DVT is the most feared complication of total joint replacement (TJR), with more than 300,000 total hip and 700,000 total knee replacements performed annually in the U.S. Current recommendations for postoperative DVT prophylaxis after TJR include anti-coagulant medications and/or intermittent pneumatic compression (IPC) of the lower limb for a minimum of 10-14 days. Most current IPC devices are non-mobile, making early postoperative mobility, which is especially important in TJR patients, cumbersome and time-consuming. Upon hospital discharge, most patients go home on pharmacologic DVT prophylaxis. Even when at-home external compression therapy is prescribed (IPC or compression stockings), data suggests compliance rates as low as 10-50%. Recovery Force (RF) has produced the next generation of mechanical DVT prophylaxis, with a mobile device absent of tubes and pumps, stays in place during ambulation, is lightweight and comfortable for continuous wear, and is designed to improve compliance with recommended use. The hypothesis for Phase II is that IPC using the RF1400 will result in improved compliance, support early mobility and result in significantly higher functional mobility after TJR as compared to standard of care. As a continuation of the successful completion of Phase I, RF proposes a multi-center trial (N=300) to achieve the following Aims:
Aim 1 : Optimize the product design based on findings from Phase I SBIR. Several findings as a result of Phase I study have led to a redesigned device, referred to as RF1400 Gen II. These findings include the need for the device to fit in the existing hospital work flows, for calf sleeves to be disposable, a fully optimized battery and the ability to track mobility.
Aim 2. Conduct a randomized comparative study of DVT prophylaxis using either standard IPC (Group 1) or the RF1400 (Group 2) in 300 patients after TJR surgery. Dr. Karen Giuliano of Northeastern University will serve as the overall PI for efforts associated with the study sites. This study will include an inpatient phase and an outpatient phase with patients at two clinical sites: Tufts Medical Center and Indiana University School of Medicine, with each site enrolling 150 patients (75 control/75 experimental).
Aim 3. Measure patient reported outcomes (PRO) of comfort, device acceptance and ease-of-use.
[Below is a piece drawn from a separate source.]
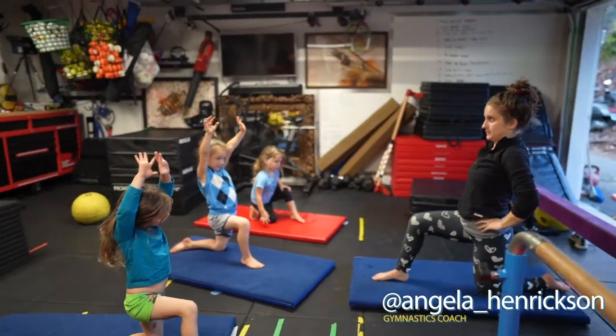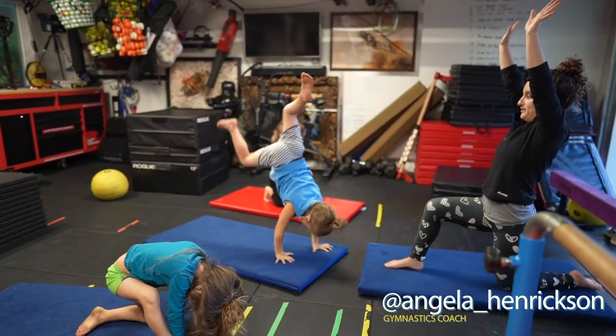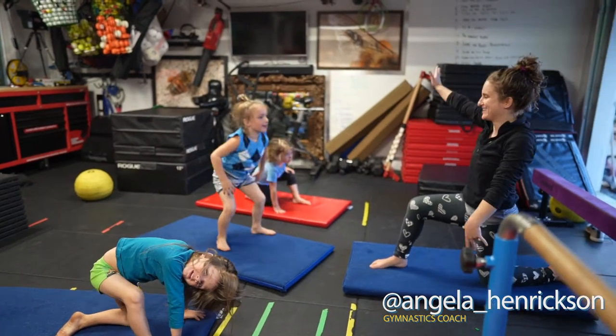When we're doing our splits, our hands are on our hips. And I go like... Yeah! Yes, that was awesome.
The overall goal of Phase II is to demonstrate that compliance with recommended use, postoperative mobility, and ease-of-use is significantly higher with the RF1400 than with DVT prophylaxis using either standard IPC (in-hospital) or standard-of-care (at-home) in preparation for full commercialization in the TJR market during Phase III. The DVT therapy market is expected to hit $3.8B by 2021, and the US accounts for over 50% of the global market. With the current risk of bleeding from anticoagulant DVT prophylaxis at 5.6%, the commercial impact of this research is that improved patient compliance with the RF1400 DVT prophylaxis will improve postoperative mobility and provide an effective alternative to anticoagulation.
Each year, as many as 600,000 Americans are affected by deep vein thrombosis (DVT) and pulmonary embolisms (PE) resulting in $6+ billion in health care costs annually. Individuals at risk of developing DVT or PE are often given a cuff(s) that delivers gentle compressions created by a pump and delivered through a series of tubes leading to an air bladder. This solution requires the patient to be bedridden, is made of polypropylene and has limited compliance outside the hospital setting. In this SBIR, Recovery Force will develop a redesigned DVT cuff that will allow patients to be ambulatory during use, that can be worn with normal clothing and eliminate the need for tubes and a pump. This will increase patient compliance and mobility and reduce the morbidity and mortality rates of those Americans suffering from risk factors associated with DVT and PE.